Image-text web data
****************************************

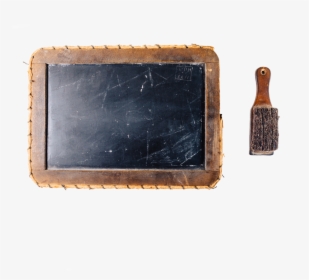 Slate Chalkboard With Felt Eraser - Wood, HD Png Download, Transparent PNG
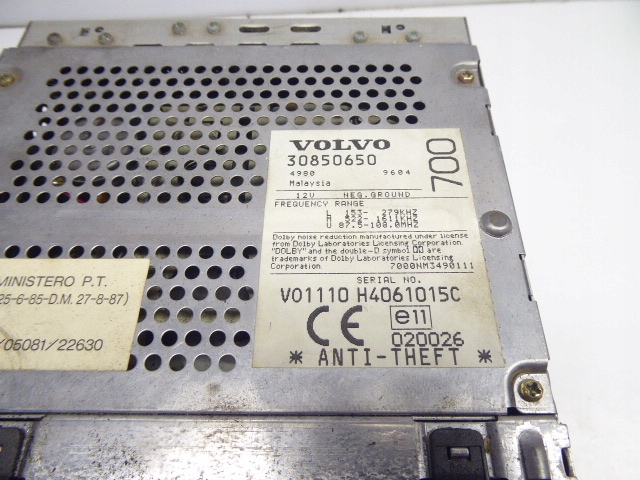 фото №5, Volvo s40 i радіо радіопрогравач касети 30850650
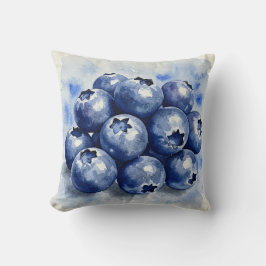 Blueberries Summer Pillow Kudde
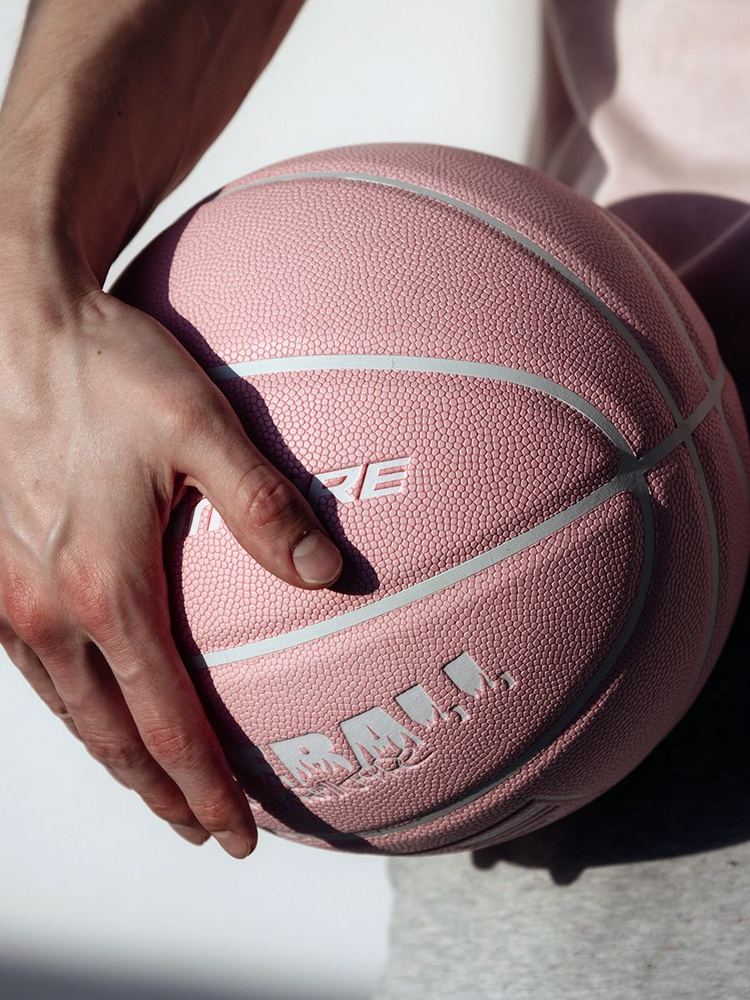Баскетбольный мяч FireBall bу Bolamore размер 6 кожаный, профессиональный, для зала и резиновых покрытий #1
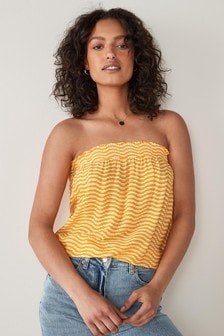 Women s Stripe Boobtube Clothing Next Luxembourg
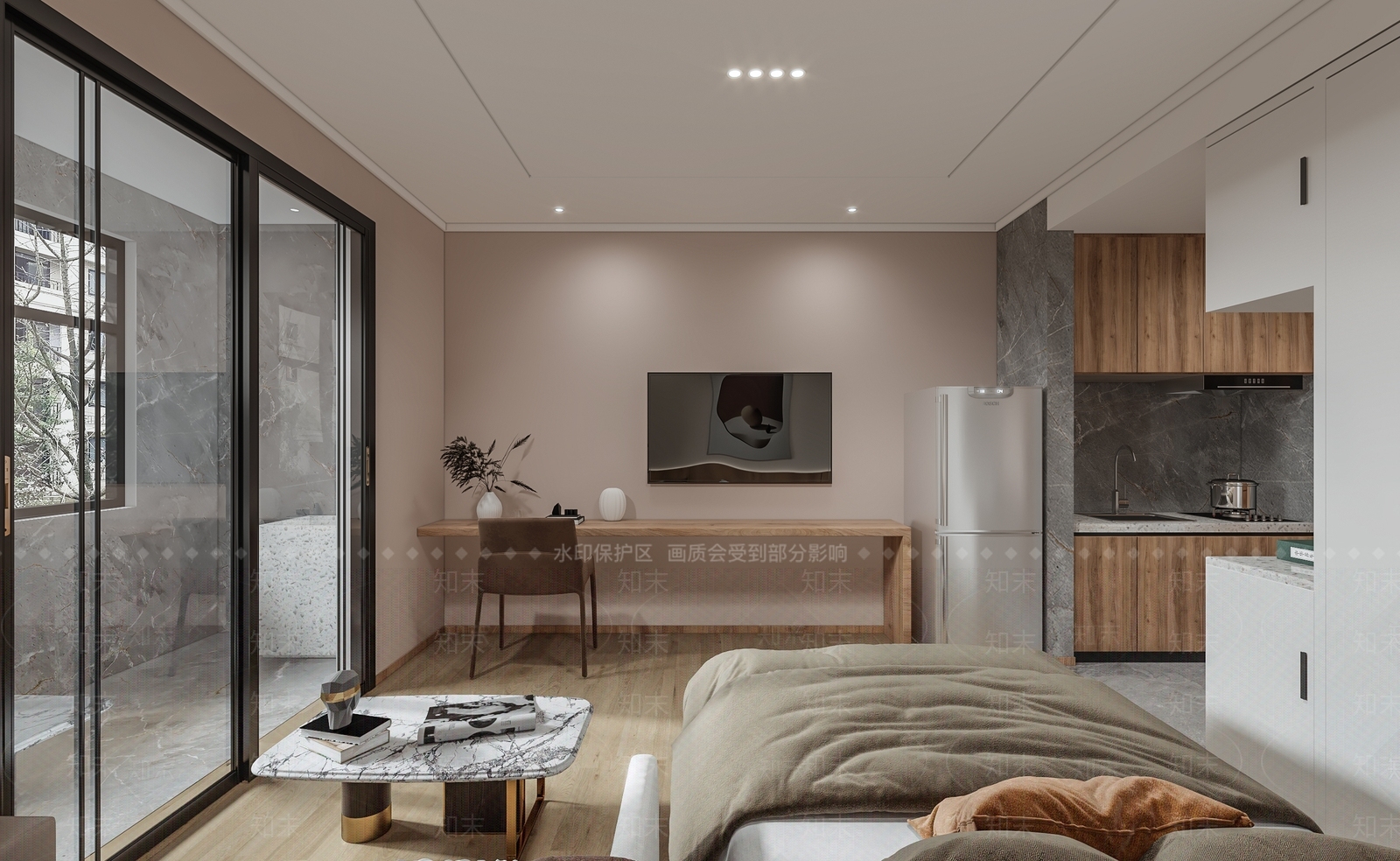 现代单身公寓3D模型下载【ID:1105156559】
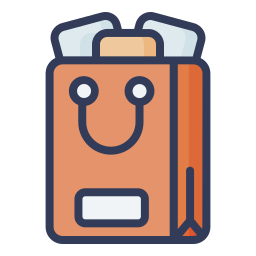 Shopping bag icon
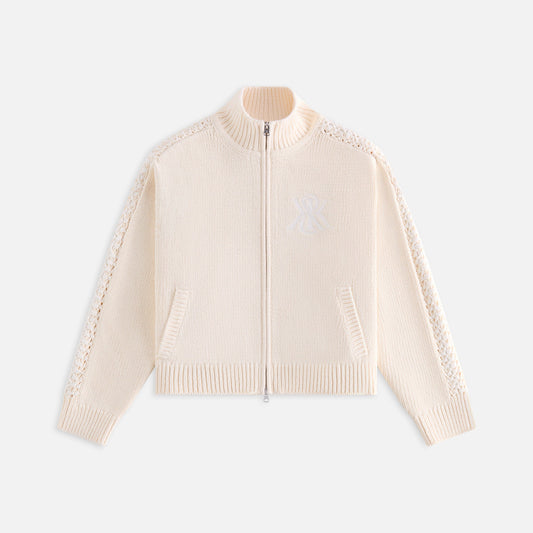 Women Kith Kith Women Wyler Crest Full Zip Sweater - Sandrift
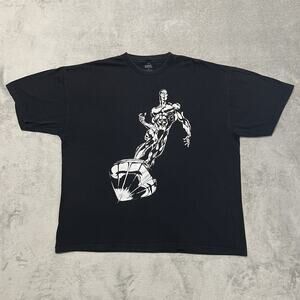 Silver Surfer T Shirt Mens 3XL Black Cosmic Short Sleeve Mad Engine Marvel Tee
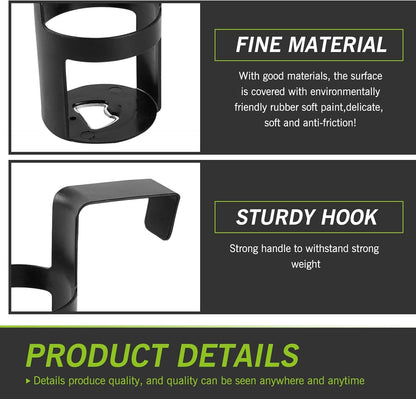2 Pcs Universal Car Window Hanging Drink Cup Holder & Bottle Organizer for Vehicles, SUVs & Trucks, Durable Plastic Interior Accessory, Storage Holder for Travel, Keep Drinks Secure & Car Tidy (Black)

****************************************

§ Problem to work on: For this exercise, repeat word for word only the lines from the one containing "现代单身公寓3D模型下载【ID:1105156559】" through the end of the data, including both. Pictures do not go in the copy.

§ Answer space:
 现代单身公寓3D模型下载【ID:1105156559】
 Shopping bag icon
 Women Kith Kith Women Wyler Crest Full Zip Sweater - Sandrift
 Silver Surfer T Shirt Mens 3XL Black Cosmic Short Sleeve Mad Engine Marvel Tee
2 Pcs Universal Car Window Hanging Drink Cup Holder & Bottle Organizer for Vehicles, SUVs & Trucks, Durable Plastic Interior Accessory, Storage Holder for Travel, Keep Drinks Secure & Car Tidy (Black)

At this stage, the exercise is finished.